DATA TO USE:
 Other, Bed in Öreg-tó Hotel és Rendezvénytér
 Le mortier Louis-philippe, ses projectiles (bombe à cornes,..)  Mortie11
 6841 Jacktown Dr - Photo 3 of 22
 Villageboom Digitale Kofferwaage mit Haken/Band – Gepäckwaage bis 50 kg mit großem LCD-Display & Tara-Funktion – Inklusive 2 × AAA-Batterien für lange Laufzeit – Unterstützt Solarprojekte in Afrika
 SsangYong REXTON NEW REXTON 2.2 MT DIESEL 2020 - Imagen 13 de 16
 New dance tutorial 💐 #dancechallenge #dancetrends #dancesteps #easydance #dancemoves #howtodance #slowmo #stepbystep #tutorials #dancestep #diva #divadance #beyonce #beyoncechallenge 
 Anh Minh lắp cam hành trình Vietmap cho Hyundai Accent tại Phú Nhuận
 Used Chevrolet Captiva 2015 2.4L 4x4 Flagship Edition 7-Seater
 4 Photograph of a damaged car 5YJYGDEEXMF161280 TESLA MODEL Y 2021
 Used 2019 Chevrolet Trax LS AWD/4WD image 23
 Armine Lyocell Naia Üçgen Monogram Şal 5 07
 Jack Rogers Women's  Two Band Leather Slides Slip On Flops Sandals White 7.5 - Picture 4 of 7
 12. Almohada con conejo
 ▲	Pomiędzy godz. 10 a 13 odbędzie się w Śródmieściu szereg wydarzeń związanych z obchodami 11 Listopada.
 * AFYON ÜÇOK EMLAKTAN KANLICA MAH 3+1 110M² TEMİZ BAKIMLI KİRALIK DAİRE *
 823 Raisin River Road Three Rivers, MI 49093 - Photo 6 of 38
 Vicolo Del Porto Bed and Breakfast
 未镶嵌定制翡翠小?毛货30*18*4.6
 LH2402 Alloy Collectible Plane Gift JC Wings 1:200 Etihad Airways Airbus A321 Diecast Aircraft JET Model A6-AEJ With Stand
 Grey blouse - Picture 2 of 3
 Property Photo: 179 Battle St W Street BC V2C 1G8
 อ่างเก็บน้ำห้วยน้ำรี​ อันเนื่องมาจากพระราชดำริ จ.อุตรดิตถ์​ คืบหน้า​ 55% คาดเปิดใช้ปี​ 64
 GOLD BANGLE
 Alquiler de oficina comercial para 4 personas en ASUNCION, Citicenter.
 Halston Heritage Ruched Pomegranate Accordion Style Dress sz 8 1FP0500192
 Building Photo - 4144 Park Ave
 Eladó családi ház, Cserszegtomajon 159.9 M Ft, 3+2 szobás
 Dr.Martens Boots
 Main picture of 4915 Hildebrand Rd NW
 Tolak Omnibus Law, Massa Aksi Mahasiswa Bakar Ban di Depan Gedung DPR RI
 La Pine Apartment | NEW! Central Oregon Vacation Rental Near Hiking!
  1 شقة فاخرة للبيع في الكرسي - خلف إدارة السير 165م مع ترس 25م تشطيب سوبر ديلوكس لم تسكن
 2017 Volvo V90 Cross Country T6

REQUIREMENT:
In the records above, find each line with the string "Used" and list it.

OUTPUT FOR THIS EXERCISE:
 Used Chevrolet Captiva 2015 2.4L 4x4 Flagship Edition 7-Seater
 Used 2019 Chevrolet Trax LS AWD/4WD image 23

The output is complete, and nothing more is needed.